Youth is a winter storm in the deep ocean. It is the clashing of rogue waves and the carnage left after desperation conquers all aboard a ruined vessel. It is the last stop for passengers of an ill-fated aircraft. Or the distant weeping of young voices confined to rooms without windows. It is a tunnel, perhaps, with holographic visions of escape and disappearing orifices with every human step.

It is the first real sign of disenchantment and the choice between survival or constant lapidation.

Dec 14, 2010

Plural vagaries

For moments, I'm a demented believer in the importance of time and although the idea is in conflict with some of my own rejections and criticisms, time is a silent observer with surprising resistance to proper or improper occurrences. Therefore, as much as I like doing nothing, under no circumstance should I yield to complacent or inactive roles.

I can say with irreproachable honesty that the few sentient beings left in this life(since it is an empty life unless love or hate or any other powerful venom takes over the heart ) have the same condition true in all children: depth of feeling and absorption. Again, the sentient survivors own a wealth incomparable to economic obsessions that define the lives of the spiritually poor. Of course, I'm talking about myself and every citizen in this arrogant and selfish nation.

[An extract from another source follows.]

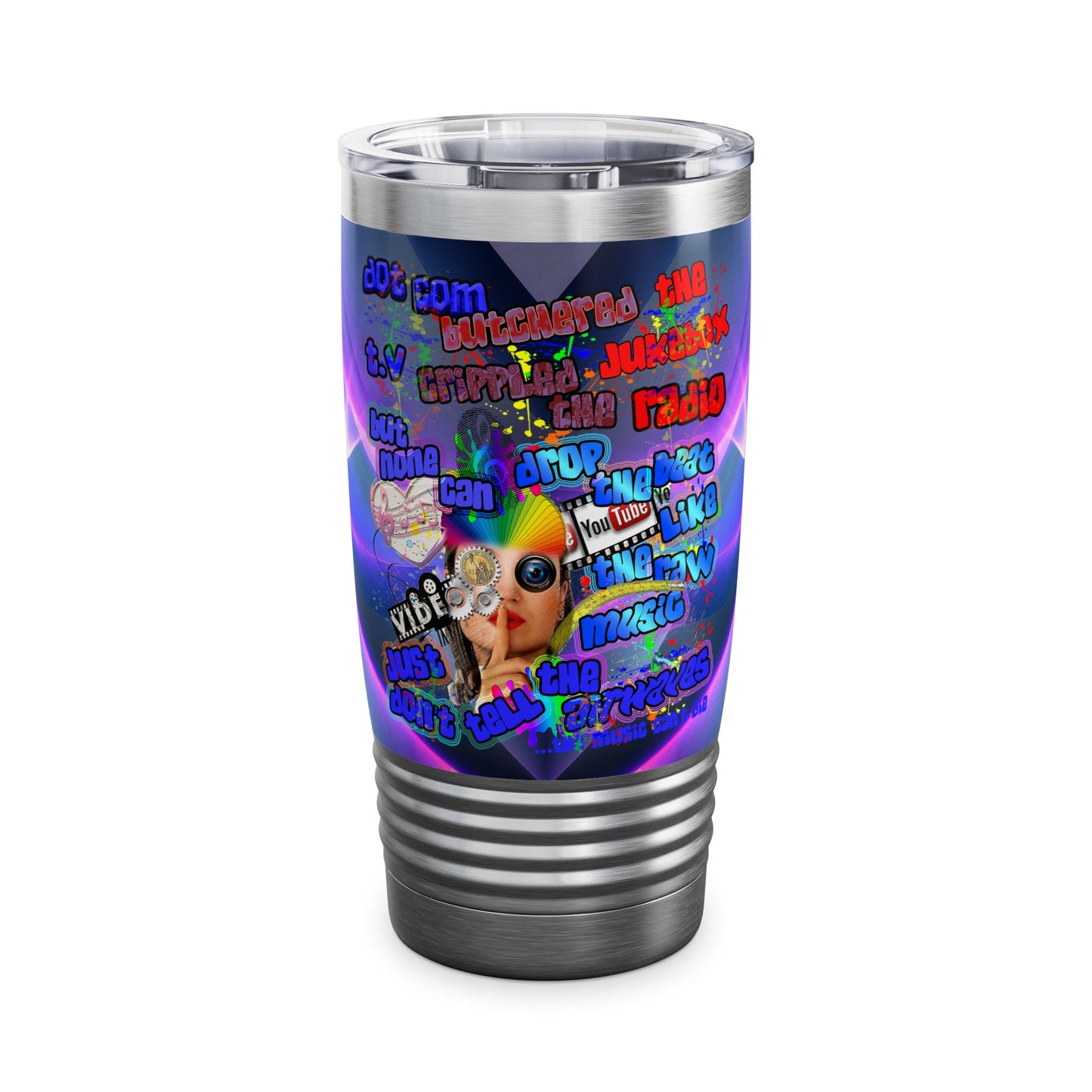 drop the beat - Ringneck Tumbler, 20oz  (grey-pink wave)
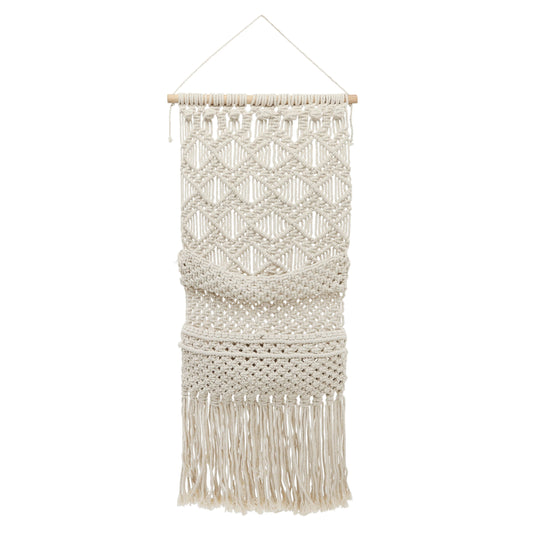 Cotton Macrame 2-Layered Wall Storage 32" - Beige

Children are experts in life management and yet the memories of childhood are vague. If adults had the talent or grandiose ability to undertake new identities to escape misunderstood horrors, there wouldn't be a film industry or the need for fiction in literature. Being now considered an adult with cognitive capacity, though at times hopelessly maladjusted and other times an angry centenarian, I'm discovering that everybody is fucking crazy, and not just my grandmother(or the females in my family)

One day, when my grandfather was alive and living like a Roman despite his elderly heart, he approached me with a question he had respectfully ignored for the 7 years we had lived in the same house. In a soft tone that had been altered to speak to a child( I knew it and he knew it and it was a touching detail nonetheless) he asked if my parents were fighting. Of course, the throwing of appliances in the first floor wasn't poltergeist and surely had reverberated in all interior areas of the 3 story museum or asylum or familial residence. So I replied in the affirmative. He said soon they would reconcile( which really meant stay silent until the next choleric argument) and that couples shouldn't argue.

In theory, couples who love each other are forgiving and kind. But in this forsaken life, the average person is unforgiving and kind only to himself. Because I have some legitimate power to speak on the subject, I'll admit to having a repugnance against long love stories, partially because I've no story of my own, and partially because my friend's love stories mimic theatre and politics.


Dec 13, 2010

The year of the unsentimental good-bye



Five years ago, I met a fun and beautiful girl of the same nationality. We met in Lima, across the street from a park that prior to our first encounter, had ordinary qualities. Though, to be historically fair, the park had long ago achieved distinction for being a focal point of artistry and acclaimed by citizens and non-citizens for its lively and safe district, as well as being the only park in the capital to pay homage to an American president( I hope)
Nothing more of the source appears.